Forty years ago today, Blade Runner was released in America- June 25th, 1982. Obvious things spring to mind; forty years is so long ago, it just makes me feel dismayed thinking that Blade Runner is forty years old. I suppose I should add the caveat that my own 40th Blade Runner anniversary is a few months away yet- thanks to the gradual roll-out of films back then (hey, they used expensive ancient-tech film prints in bulky reels in those ancient times) Blade Runner, barring press screenings and a fabled preview screening by Starburst magazine, didn’t make it to UK cinemas until September that year (I first watched it on September 12th, 1982 in the old ABC in town). But anyway, film anniversaries always fall on when they were first released in the US, for obvious reasons, so today it is.
I know what 4K disc I’ll be spinning up tonight, then…
Forty years, though. Ridley was 44 when Blade Runner was released- he’s 84 now, how old does he feel this morning? Mind, poor old Vangelis is gone, recently passed away. Still can’t get over that, every time I play his music it feels a little different, somehow; only the other night I had a relaxed hour or so and listened to his albums China and See You Later, the latter of course featuring Memories of Green, that was used on the Blade Runner soundtrack (always amazes me how that track, recorded a few years before, fits the film like a glove and set the tone for the whole score). Its inevitable of course as so many years pass that so many of the people who made Blade Runner -who would generally be middle-aged at the time anyway- would pass away, leaving behind a fragment of celluloid immortality as films do, over time. So many of the actors have gone; Rutger Hauer, Brion James, Bob Okazaki, Kimiko Hiroshige, Hu Pyke, Morgan Paull, while behind-the-camera staff like Jordan Cronenweth, Syd Mead, Lawrence G. Paull, Terry Rawlings and Douglas Trumbull have gone. Anybody else getting depressed yet?

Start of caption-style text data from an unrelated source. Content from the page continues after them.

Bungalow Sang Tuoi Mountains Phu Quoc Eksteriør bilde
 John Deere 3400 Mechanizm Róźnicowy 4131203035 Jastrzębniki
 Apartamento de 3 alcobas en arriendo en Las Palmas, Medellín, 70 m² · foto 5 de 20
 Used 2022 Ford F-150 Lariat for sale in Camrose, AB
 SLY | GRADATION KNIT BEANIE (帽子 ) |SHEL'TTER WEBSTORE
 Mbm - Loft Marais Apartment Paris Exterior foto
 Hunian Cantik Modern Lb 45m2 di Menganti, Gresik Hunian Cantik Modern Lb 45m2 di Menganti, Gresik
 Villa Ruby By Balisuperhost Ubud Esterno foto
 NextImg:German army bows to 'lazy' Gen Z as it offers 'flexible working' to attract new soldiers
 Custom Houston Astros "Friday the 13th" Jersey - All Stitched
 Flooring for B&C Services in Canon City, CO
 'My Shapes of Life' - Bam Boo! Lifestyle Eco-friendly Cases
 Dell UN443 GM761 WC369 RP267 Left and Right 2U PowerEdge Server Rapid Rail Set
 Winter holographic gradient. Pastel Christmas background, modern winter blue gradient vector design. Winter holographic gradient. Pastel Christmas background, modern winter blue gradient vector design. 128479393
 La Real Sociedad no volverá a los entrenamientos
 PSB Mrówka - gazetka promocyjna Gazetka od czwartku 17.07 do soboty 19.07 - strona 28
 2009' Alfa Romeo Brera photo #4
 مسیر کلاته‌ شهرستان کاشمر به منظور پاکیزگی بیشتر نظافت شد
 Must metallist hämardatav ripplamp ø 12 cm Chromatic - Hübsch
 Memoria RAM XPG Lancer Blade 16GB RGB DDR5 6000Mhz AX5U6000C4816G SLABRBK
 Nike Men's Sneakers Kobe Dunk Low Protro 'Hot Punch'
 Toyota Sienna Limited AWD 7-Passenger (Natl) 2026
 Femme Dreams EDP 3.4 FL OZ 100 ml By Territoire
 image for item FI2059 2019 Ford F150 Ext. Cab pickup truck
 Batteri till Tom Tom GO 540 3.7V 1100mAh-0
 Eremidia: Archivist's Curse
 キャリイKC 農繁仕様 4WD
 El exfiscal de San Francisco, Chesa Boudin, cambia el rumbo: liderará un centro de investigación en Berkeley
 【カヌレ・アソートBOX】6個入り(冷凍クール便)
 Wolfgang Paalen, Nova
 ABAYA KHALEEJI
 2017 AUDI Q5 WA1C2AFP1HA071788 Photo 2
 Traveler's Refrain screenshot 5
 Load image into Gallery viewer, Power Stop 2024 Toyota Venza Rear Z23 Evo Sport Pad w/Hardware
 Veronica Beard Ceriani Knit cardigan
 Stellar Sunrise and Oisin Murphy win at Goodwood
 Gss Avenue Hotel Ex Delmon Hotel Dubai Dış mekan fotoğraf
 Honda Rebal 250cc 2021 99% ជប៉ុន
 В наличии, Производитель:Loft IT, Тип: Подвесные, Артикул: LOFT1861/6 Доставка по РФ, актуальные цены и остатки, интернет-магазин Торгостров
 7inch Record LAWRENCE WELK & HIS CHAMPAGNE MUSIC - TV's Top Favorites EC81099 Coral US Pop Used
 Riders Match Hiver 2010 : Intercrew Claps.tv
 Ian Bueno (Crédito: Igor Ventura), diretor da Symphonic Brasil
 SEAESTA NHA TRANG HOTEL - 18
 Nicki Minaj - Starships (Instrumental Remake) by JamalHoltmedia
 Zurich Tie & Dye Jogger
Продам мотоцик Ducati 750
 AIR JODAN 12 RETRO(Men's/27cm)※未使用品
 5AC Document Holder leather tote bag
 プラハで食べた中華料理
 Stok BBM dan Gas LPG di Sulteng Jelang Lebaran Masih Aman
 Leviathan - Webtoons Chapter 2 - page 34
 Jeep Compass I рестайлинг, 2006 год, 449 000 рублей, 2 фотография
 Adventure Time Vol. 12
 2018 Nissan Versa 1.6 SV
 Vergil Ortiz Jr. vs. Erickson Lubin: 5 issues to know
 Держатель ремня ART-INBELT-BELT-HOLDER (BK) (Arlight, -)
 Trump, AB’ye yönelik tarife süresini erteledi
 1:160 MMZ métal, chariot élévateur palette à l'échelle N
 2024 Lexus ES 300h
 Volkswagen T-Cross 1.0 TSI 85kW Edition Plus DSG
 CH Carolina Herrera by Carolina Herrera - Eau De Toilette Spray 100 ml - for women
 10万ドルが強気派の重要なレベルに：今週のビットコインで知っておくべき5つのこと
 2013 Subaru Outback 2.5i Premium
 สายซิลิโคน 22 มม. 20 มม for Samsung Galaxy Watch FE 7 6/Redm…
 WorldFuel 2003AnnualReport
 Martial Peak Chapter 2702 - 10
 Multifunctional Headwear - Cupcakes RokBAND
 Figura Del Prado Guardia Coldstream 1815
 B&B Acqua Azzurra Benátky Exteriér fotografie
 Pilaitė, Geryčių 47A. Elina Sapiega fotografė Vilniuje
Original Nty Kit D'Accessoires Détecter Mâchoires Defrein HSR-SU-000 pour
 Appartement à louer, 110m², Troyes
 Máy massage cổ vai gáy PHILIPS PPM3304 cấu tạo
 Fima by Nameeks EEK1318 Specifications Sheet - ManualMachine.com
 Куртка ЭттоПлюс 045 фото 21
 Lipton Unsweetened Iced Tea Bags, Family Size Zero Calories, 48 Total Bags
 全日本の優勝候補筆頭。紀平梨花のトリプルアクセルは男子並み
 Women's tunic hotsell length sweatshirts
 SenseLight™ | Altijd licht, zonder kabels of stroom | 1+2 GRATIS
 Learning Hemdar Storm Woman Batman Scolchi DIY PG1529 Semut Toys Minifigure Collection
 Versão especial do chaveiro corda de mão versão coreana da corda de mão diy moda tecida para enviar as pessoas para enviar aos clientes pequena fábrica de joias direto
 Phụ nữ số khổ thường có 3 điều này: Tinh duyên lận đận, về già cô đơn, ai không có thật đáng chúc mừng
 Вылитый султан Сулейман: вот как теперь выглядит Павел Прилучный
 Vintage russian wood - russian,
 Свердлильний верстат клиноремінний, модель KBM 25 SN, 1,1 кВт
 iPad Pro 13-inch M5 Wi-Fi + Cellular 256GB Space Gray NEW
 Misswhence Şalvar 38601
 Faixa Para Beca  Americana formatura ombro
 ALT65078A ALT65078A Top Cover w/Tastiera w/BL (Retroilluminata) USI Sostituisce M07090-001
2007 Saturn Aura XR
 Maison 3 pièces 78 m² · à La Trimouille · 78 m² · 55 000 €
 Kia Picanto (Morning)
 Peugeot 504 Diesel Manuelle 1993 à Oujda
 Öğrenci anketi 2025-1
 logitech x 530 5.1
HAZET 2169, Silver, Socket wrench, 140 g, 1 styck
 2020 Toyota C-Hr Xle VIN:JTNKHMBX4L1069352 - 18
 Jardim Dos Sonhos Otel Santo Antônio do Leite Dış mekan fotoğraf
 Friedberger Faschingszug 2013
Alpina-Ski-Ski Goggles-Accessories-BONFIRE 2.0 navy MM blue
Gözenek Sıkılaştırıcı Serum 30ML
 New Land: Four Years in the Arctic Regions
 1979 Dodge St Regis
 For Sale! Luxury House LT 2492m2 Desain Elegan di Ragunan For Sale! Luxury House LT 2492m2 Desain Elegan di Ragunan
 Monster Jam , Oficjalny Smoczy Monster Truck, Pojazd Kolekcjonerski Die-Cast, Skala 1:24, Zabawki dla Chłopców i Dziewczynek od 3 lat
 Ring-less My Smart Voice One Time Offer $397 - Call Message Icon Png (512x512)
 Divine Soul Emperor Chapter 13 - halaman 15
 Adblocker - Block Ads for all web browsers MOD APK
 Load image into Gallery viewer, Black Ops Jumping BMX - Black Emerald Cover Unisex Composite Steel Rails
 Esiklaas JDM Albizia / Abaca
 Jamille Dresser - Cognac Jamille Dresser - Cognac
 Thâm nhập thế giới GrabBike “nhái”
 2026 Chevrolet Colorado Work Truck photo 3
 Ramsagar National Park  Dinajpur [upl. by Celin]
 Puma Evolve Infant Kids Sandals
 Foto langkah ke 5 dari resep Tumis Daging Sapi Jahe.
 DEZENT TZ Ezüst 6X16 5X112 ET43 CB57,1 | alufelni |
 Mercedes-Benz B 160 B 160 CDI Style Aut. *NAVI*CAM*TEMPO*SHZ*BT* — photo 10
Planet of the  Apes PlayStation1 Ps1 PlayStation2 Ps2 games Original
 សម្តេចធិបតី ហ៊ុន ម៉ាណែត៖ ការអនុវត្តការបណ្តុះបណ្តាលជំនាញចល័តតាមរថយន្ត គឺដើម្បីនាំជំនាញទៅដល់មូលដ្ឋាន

Well, that’s what forty years will do. Eventually Blade Runner will leave us all behind, like old classics do such as the original King Kong. Films are Forever. Well, as long as they are restored and digitised I guess. Makes me think of original author Philip K Dick’s description of kipple, which represented entropy in Do Androids Dream of Electric Sheep: “No one can win against kipple, except temporarily and maybe in one spot, like in my apartment I’ve sort of created a stasis between the pressure of kipple and nonkipple, for the time being. But eventually I’ll die or go away, and then the kipple will again take over. It’s a universal principle operating throughout the universe; the entire universe is moving toward a final state of total, absolute kippleization.”
That’s all of us, eventually: Kipple. I need a drink. Where’s my Blade Runner-inspired whiskey glass? Happy birthday, Blade Runner.